First, it is important to get a general understanding of various factors that a pitcher may consider when deciding upon his subsequent pitch. As someone who doesn't closely follow the baseball scene, I referred to this Quora post as the basis for my initial EDA and feature selction. https://www.quora.com/Why-does-a-pitcher-choose-a-specific-pitch-to-throw

To summarize, the following were listed as factors:

Strength of opposing hitters. The author notes high pitches are thrown less frequently against power hitters.
Count. The author notes that if the pitcher is behind in count, he is more likely to throw a simple pitch to increase the likelihood of a strike.
Situation. The author notes the score, the number of outs, the position of the baserunners are three situational factors that would affect the type of pitch.

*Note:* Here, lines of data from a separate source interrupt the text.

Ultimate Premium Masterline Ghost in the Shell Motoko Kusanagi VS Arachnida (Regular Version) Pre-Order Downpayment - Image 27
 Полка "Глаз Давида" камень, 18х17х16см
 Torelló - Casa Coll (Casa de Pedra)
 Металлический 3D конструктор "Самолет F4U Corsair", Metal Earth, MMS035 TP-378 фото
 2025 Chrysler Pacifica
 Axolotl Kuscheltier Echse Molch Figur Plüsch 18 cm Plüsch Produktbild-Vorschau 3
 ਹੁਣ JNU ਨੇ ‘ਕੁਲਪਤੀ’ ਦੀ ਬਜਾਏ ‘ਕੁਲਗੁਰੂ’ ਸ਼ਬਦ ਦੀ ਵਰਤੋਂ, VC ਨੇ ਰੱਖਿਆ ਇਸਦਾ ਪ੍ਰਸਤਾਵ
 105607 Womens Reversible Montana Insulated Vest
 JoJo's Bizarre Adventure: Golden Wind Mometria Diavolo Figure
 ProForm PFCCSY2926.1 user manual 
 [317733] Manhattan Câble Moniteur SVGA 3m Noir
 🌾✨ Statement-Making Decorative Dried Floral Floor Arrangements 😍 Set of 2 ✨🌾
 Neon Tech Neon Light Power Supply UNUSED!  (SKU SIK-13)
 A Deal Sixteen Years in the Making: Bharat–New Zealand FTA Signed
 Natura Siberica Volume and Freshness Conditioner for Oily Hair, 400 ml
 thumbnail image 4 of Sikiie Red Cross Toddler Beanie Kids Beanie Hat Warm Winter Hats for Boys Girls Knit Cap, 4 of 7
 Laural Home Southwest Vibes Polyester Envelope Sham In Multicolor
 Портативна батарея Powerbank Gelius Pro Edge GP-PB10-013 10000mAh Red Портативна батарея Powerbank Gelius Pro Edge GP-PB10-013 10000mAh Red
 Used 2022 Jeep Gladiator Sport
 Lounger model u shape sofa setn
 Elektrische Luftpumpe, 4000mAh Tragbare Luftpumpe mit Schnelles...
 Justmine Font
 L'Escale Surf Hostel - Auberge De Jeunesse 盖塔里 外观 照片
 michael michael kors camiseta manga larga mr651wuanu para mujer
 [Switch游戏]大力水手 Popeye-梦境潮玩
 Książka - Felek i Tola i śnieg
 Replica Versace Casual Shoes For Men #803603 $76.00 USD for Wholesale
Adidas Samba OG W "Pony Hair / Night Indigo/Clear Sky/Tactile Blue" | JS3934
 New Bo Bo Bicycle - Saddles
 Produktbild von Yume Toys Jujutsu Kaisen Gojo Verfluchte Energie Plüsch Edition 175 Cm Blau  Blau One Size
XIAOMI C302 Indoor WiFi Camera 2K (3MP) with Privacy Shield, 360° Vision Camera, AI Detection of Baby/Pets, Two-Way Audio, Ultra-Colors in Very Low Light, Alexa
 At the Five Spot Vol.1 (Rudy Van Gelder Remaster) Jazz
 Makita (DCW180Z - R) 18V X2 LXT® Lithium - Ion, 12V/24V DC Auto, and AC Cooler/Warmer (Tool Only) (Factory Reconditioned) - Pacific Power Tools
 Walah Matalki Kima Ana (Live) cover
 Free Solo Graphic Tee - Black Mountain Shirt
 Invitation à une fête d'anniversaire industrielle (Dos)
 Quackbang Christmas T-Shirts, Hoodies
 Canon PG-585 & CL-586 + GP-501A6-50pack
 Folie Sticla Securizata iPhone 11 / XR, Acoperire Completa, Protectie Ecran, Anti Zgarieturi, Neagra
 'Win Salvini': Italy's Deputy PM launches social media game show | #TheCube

It's interesting to note that the author does not identify pitcher tendency/history nor fatigue as factors of pitch selection. Furthermore, from a sports psychology perspective, it is likely that the likelihood of pitches are not completely independent of the previous pitches. I would like to investigate the autocorrelation of pitch history given more time.

import numpy as np
import pandas as pd
import seaborn as sns
from matplotlib import pyplot as plt

import warnings
warnings.filterwarnings('ignore')

df = pd.read_csv('pitches/pitches.txt', sep=",")

1. Exploratory Data Analysis

First, let us perform EDA on this dataset. For the sake of readability, I have collapsed this below. Our target variable, pitch_type, has 2280 null observations in a dataset of 718961, ~0.3%. This is an accept percentage of null values to remove from the data set as long as there is no inherent underlying factor. It does seem that the null set does not specifically pertain to one team, pitcher, batter or date.

df.shape;
df.head();
df.info();
df.describe();

<class 'pandas.core.frame.DataFrame'>
RangeIndex: 718961 entries, 0 to 718960
Columns: 125 entries, uid to modified_by
dtypes: float64(80), int64(25), object(20)
memory usage: 685.7+ MB

a = len(set(df.team_id_b))
b = len(set(df.team_id_p))
c = len(set(df.pitcher_id))
d = len(set(df.date))
print('The number of teams @ bat, teams @ field, pitchers, and dates represented in the entire dataset: ', a, b, c, d)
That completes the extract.